Data:

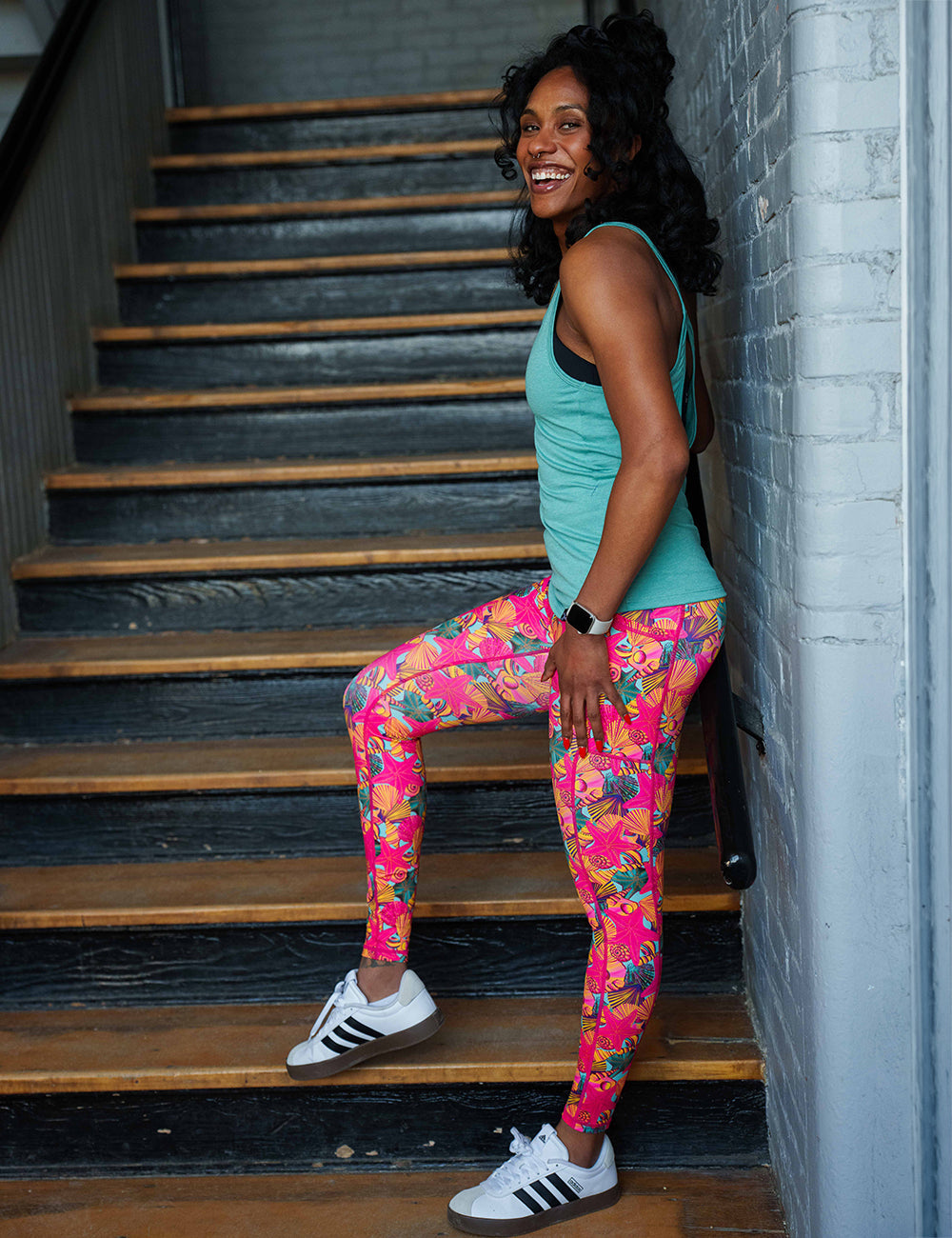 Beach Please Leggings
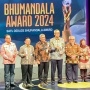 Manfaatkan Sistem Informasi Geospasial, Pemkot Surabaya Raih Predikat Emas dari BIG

* * *

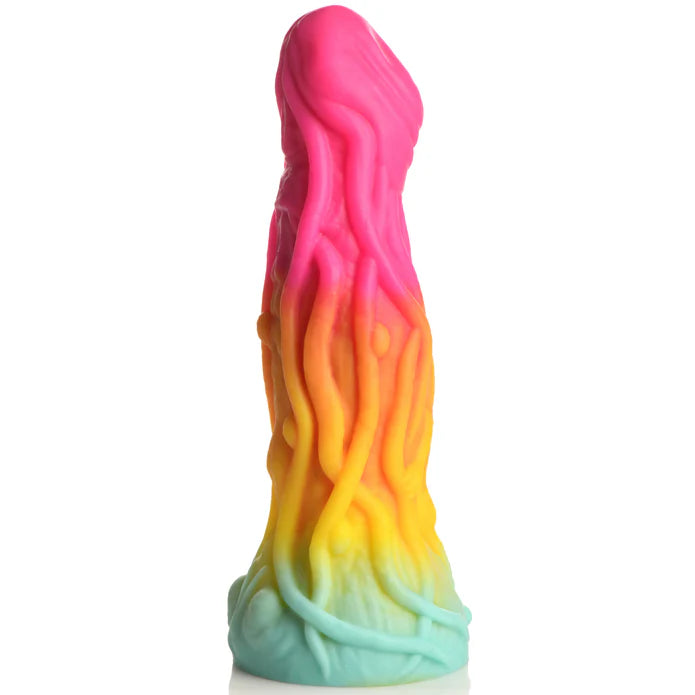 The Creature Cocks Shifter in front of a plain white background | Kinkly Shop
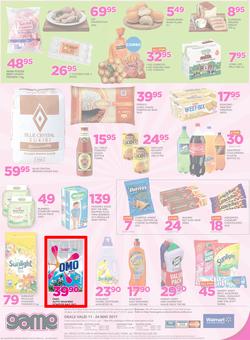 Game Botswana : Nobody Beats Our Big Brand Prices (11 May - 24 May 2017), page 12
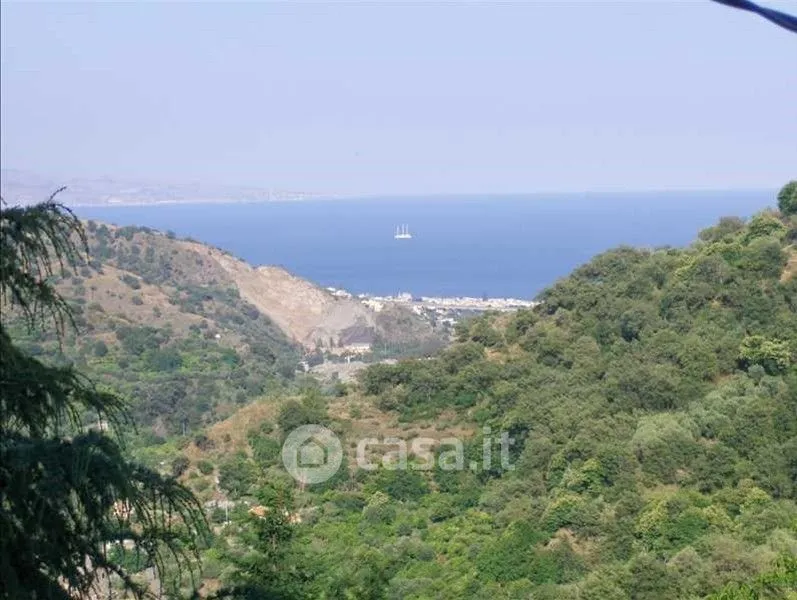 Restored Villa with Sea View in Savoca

The problem: The line holding "Beach Please Leggings" starts the copy and the line holding "Manfaatkan Sistem Informasi" ends it. Repeat those two lines above and all between them exactly, leaving out pictures.

Response:
 Beach Please Leggings
 Manfaatkan Sistem Informasi Geospasial, Pemkot Surabaya Raih Predikat Emas dari BIG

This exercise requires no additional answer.